Sell Stops And Churning

Ulli Uncategorized Contact

Reader GH had an interesting comment about the effectiveness of sell stops:

I’m afraid that the sell-stop methodology is going to become a problem for investors.

In my view it is going to start a new trend of “churning.” Churning used to exist when an advisor traded a client’s account excessively. Now churning is going to define the behavior of the individual investor who is bent on protecting himself, playing defense.

Recently, I was speaking with a 40-ish mother of two grown children who remarked that her and her husband were seeing the importance of taking a more hands-on approach to their 401K’s. When I mentioned the concept of sell-stops she said her husband had just enrolled in a class that taught sell-stops.

That’s the point I’m trying to make. Wall Street knows that more and more people are going to use tools like this to protect themselves. And Wall Street knows about 7% to 10% drops trigger stops. Brokerages are going to prosper, at the expense of so-called “investors.”

The words “investing” and the “stock market” can no longer be used in the same sentence. It’s more of a casino than ever before.

Your retirement will depend mostly on your savings, not how much you can make on your savings. Wall Street has it figured before you ever get the chance to sell-stop.

While I agree with your statement that your retirement should depend mainly on your savings, and only secondary on the gains you make from your investments, I don’t believe that the use of sell stops will increase the incidents of churning.

Having said that, I have also repeatedly warned against placing sell stops ahead of time (for ETFs), since front running can create this kind of unintended churning as your sell stops are a known fact. I’ve talked about that in “Front Runners” a couple of weeks ago.

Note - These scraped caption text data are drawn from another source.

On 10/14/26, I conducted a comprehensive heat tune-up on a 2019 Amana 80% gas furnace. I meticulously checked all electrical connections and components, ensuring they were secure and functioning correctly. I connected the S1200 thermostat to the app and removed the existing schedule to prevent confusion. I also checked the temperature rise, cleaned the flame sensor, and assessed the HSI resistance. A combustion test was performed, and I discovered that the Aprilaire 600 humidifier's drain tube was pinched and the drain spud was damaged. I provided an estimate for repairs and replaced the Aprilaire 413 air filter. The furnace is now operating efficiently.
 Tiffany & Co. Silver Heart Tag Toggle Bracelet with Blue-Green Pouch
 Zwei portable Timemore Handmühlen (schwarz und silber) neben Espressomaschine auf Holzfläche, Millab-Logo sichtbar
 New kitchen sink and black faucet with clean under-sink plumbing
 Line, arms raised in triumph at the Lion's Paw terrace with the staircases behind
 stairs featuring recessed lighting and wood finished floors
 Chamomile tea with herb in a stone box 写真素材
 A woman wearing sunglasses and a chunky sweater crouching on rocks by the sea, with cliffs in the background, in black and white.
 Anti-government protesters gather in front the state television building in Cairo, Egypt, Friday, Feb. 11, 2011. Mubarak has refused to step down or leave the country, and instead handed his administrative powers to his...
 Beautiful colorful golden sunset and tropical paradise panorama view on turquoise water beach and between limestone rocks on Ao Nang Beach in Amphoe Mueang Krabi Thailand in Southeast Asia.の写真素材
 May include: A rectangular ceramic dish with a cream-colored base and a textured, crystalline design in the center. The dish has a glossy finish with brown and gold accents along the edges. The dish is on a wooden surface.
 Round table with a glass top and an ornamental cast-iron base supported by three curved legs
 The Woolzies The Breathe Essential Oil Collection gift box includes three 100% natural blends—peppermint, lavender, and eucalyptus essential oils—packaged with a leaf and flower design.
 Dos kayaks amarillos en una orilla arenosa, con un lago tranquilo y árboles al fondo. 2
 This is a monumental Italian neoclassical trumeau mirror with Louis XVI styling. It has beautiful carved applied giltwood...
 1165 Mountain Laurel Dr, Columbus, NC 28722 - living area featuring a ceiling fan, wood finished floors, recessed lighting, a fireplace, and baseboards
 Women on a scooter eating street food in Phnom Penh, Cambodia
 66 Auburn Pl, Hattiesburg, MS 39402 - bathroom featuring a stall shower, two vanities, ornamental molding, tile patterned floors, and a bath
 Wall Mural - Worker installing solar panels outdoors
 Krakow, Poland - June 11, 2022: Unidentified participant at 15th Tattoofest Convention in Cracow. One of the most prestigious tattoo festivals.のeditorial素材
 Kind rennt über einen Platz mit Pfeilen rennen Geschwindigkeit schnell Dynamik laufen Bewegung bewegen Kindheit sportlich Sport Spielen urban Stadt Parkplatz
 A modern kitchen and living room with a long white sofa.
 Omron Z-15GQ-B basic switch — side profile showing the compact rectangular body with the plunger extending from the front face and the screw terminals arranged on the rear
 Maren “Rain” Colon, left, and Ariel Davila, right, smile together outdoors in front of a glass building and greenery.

However, if you, as I recommend, base your trailing sell stop points on day-end closing prices for ETFs as well, and only enter the order the following day after your stop has been triggered, you will eliminate advance knowledge of your intentions.

Sure, as is the case with all investment methods and approaches, nothing is perfect and neither are sell stops. However, in my book it’s the best thing you can do to protect yourself from portfolio disaster.

Looking back, I did not get the impression that any churning was involved last year, nor did I feel in any way taken advantage of, when we liquidated millions of dollars of positions leading up to our final sell date of 6/23/08.

Contact Ulli

Comments 2

  1. Ulli,

    I agree that keeping ones sell intentions private is a good idea. If wall street knows that a lot of people will start to sell when an issue drops by say 7% then they will start selling at 6.5%. This is ahead of the 7% guaranteeing the little guys stop to be triggered. Then wall street would be positioned to buy back after all the stops were triggered leaving the little guy looking like a deer in headlights or in other words "holding the bag".

  2. Sell stops are very important even though it leads to churning. It is always better to loose 10% than tank 50% and work at age 65.
    BTW Mutual fund managers DON'T allow ordinary people frequent buying and selling. But those nuts buy and sell stocks faster than mouse click. Especially at quarter end to JUICE UP returns?